Again, consider the Harvard-Vermont match-up, which will see another renewal in tonight’s playoff opener at Bright. Harvard senior Tim Pettit and sophomore Peter Hafner both played at The Taft School, as did Vermont’s Ben Driver, Tim Plant, Travis Russell and Jaime Sifers.
Hafner, Driver, Russell and Sifers all graduated from Taft in 2002 and were very close friends during their time there. “You couldn’t imagine a nicer kid than Peter Hafner, just so genuine,” said Sifers, who also played alongside Hafner on Taft’s lacrosse team. “We did the same sports, the same seasons, the same workouts. We were together all the time.”
All that changed, of course, when Hafner came to Cambridge and Sifers headed north. That became even clearer in the first period of Harvard’s visit to Vermont last season, when Hafner—with a six-inch height advantage—caught Sifers with his shoulder, opening a cut on his friend’s chin.
Sifers left the game to get stitched up but returned soon afterward. He let Hafner hear it. “He was jawing at me the rest of the game,” Hafner recalled, laughing. “He’s not everyone’s best friend on the ice, but off the ice, he’s an excellent guy.”
Sifers knew Pettit as a hockey and lacrosse teammate—not to mention his hall monitor during his sophomore year. Sifers vividly remembers one practice that year when he was defending Pettit and made the mistake of watching the puck rather than playing the body. Pettit deftly pushed the puck through Sifers’s legs. “He burned me,” Sifers admitted.
Taft coach Mike Maher then asked Sifers if he had at least gotten a good look at the puck. Sifers said yes. Nevertheless, Maher made Sifers skate for the last hour of practice with a puck inside his helmet cage. “It’s funny now,” Sifers said, “but it wasn’t funny then.”
Tonight, Sifers will go up against his old teammates again. The stakes are much higher, even though the players are the same. “Timmy Pettit hasn’t changed a bit,” Sifers said. “His slapshot is still ridiculous.”
It’s hard to wax nostalgic now, with every team in the ECAC playing to keep its season alive, but there is little doubt that the bonds forged at ages 16 and 17 are still meaningful, regardless of school colors.
Harvard senior assistant captain Rob Fried, for example, has kept tabs on Oriel McHugh, his teammate for two years at Deerfield Academy.

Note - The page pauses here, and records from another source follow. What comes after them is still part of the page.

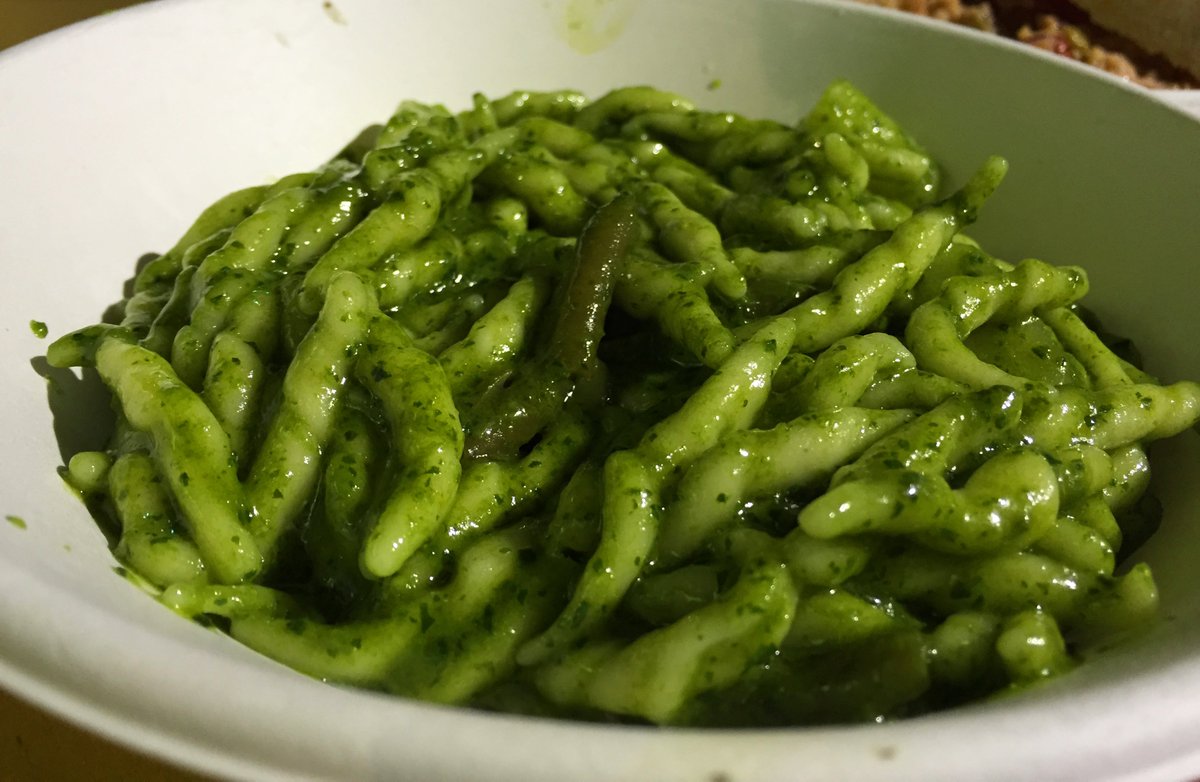ToquesduFrigo's tweet photo. Que serait notre semaine à l'italienne sans de délicieux trofie au #pesto génois ? 🇮🇹🍝😋 https://t.co/hAyUqFGk1V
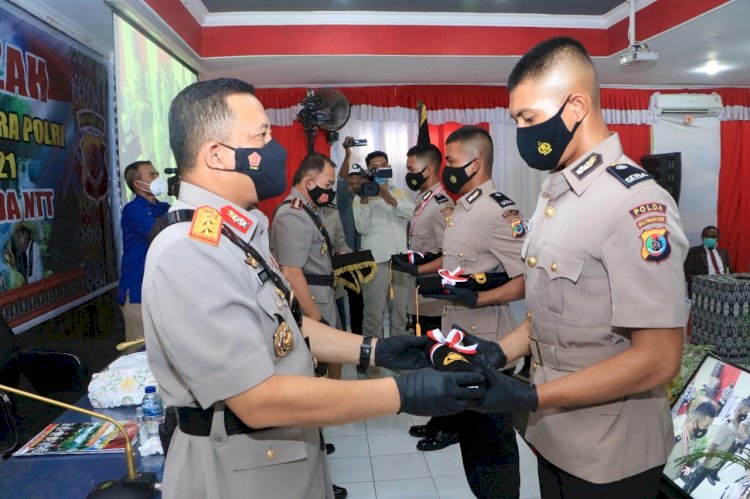 Pertama Terjadi, Kapolda NTT Serahkan Langsung Ijazah Pendidikan Pembentukan Bintara Polri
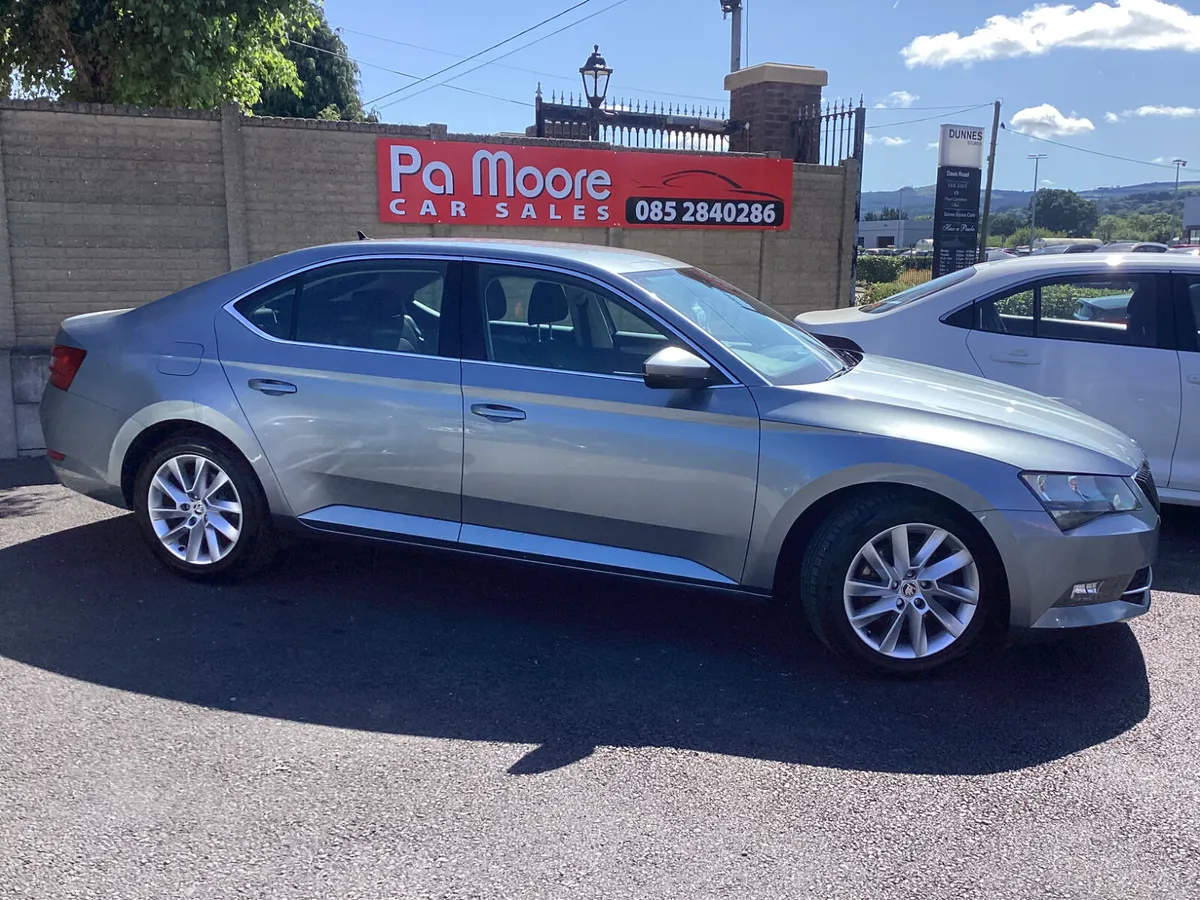 Skoda Superb ** AUTOMATIC - Image 3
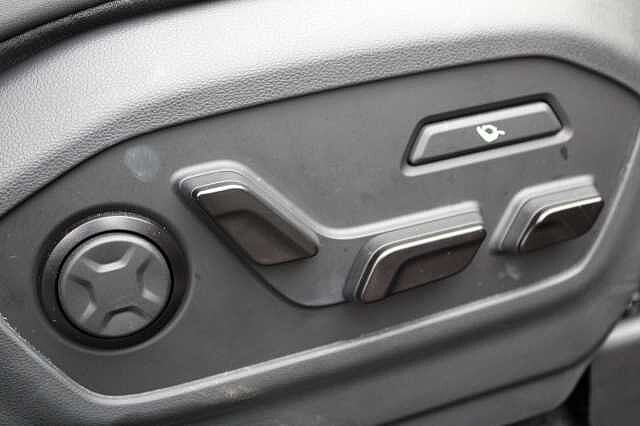Hyundai SANTA FE Calligraphy 1.6T Hybrid 4WD 7 Seat Ecotronic Grey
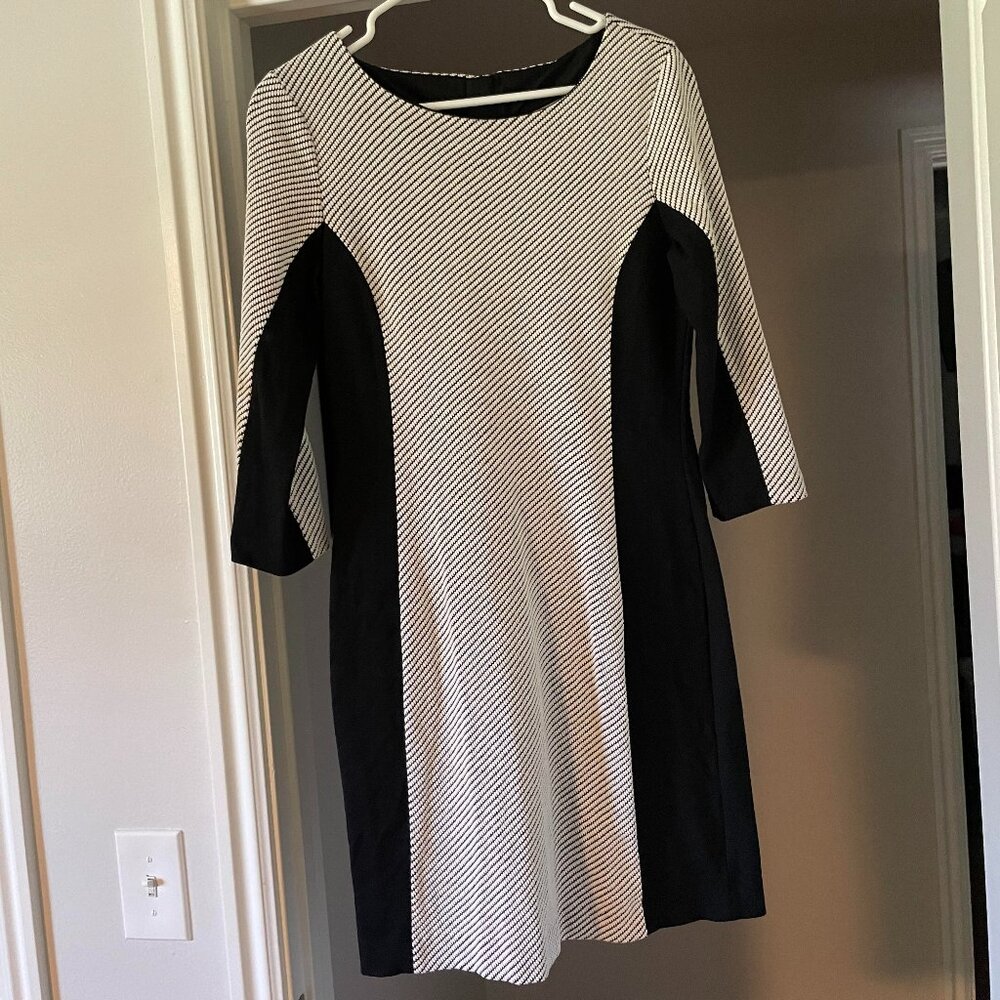 Black & White Banana Republic Knee length long sleeve dress - size 10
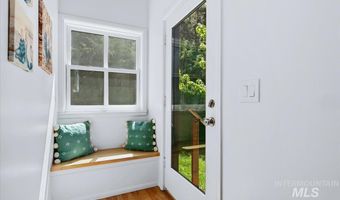 2921 N Arran Ct, Boise, ID 83702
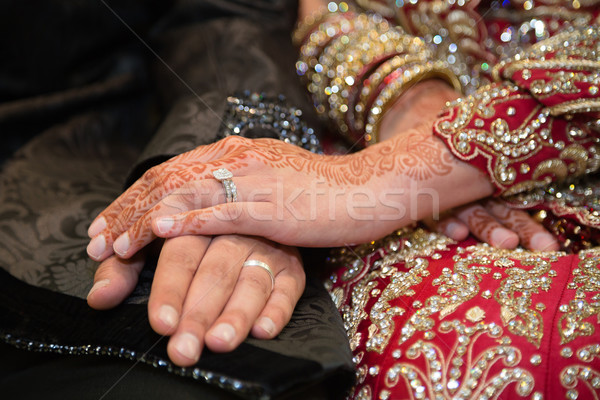 Hände Braut halten Hand Schwerpunkt Bräute Stock foto © esatphotography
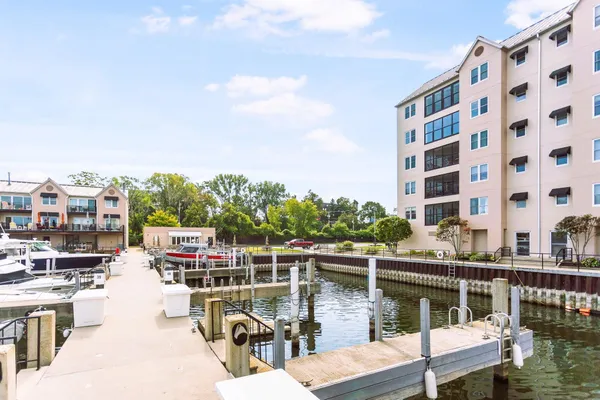 $750,000 | 260 Water Street, Unit 5E, St. Joseph, MI 49085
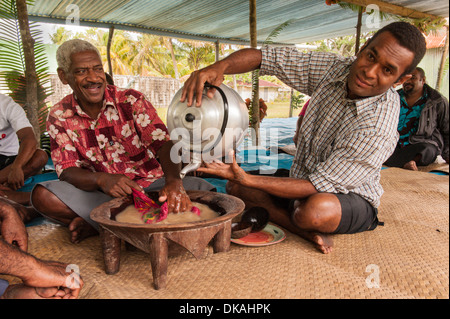 Rendendo la kava in un grande tanoa all'inizio di un addio a cinque visitando i subacquei che' stato diving per beche de mer. Fulaga, Isole Figi Foto Stock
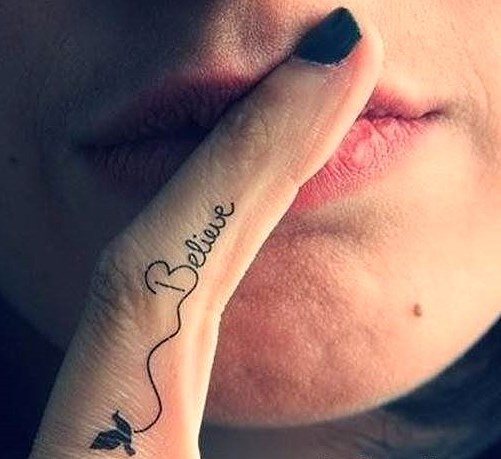 Tatouages pour filles sur le bras et leur signification. Photos, dessins, beaux, petits, inscriptions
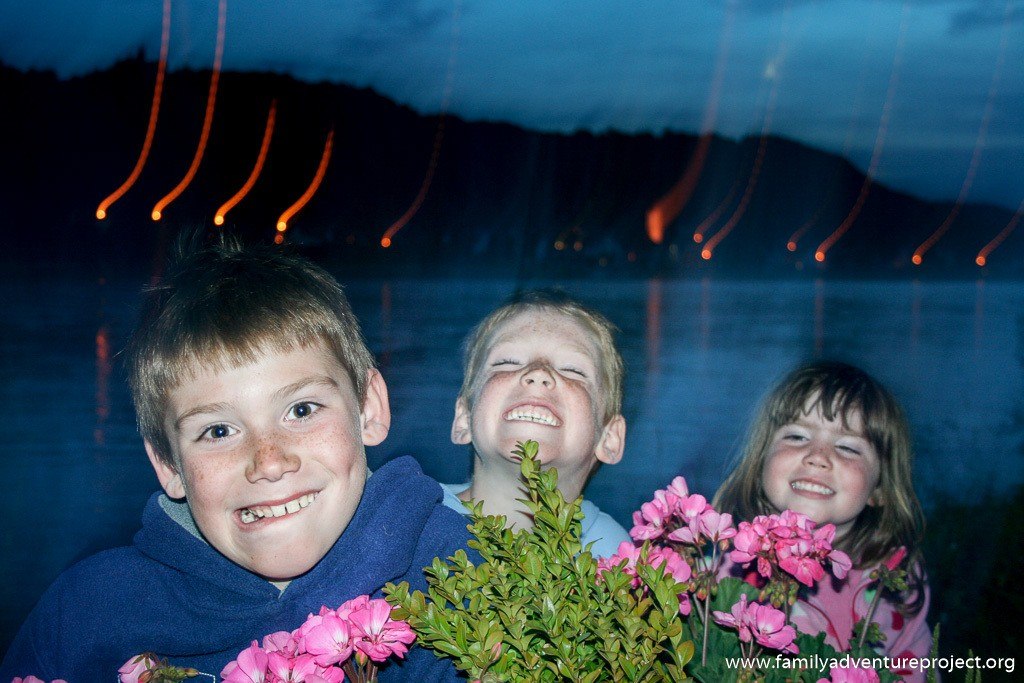 Family laughter on the Rhine
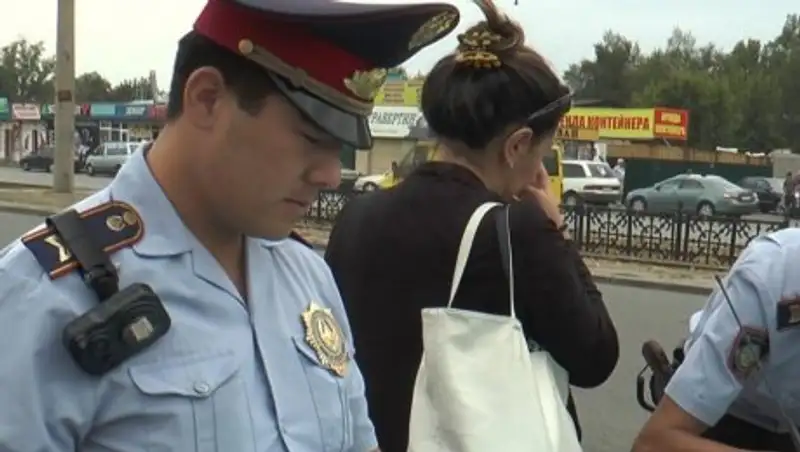 Дорожно-патрульной полиции запретили останавливать авто: что сказали в МВД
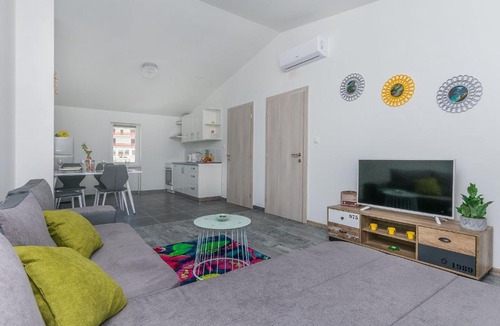 Strozanac Apartment | Apartment Heaven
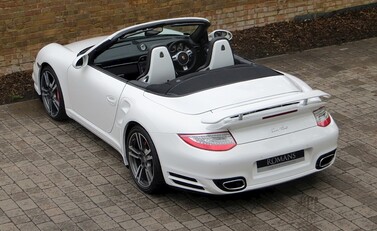 Porsche 911 (997) Turbo Cabriolet 15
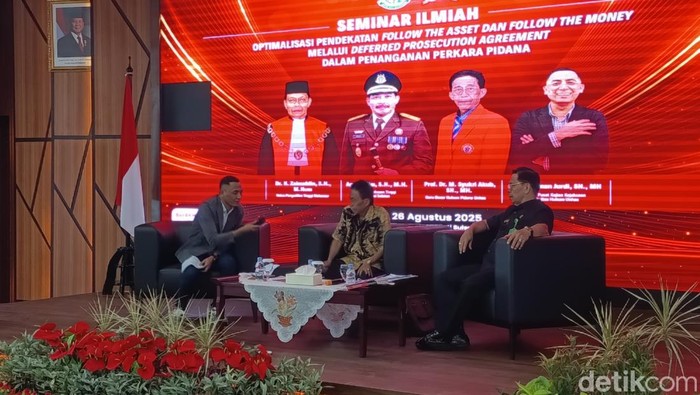 Kejati Sulsel menghadiri seminar ilmiah soal Optimalisasi Pendekatan Follow the Asset dan Follow the Money Melalui Deferred Prosecution Agreement (DPA) dalam Penanganan Perkara Pidana.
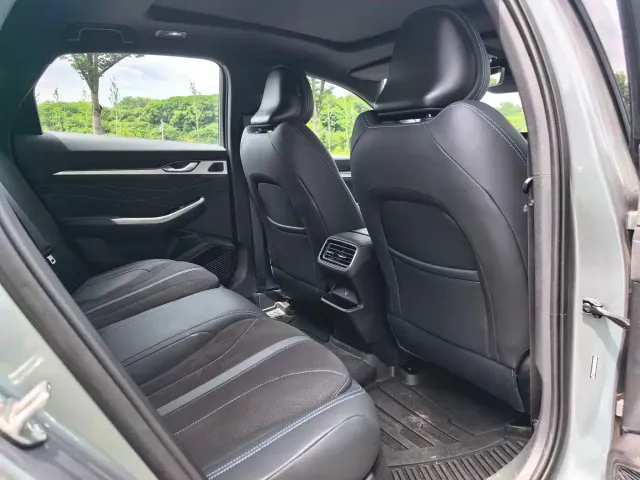 Geely Xingrui — Фото автомобиля 14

McHugh, whom Fried described as having a “quiet intensity about him,” has become one of the league’s better defensive defensemen and is the Catamounts’ captain. “It’s just great to see how he’s gone up in the UVM program,” Fried said.
Yet, if Fried finds himself in the corner with McHugh tonight—or vice versa—no one has any illusions about what will happen. Same goes for all the others—except for Femenella, who sustained a season-ending injury last weekend at Brown.
“You’re enemies on the ice,” Sifers said, “and best friends off it.”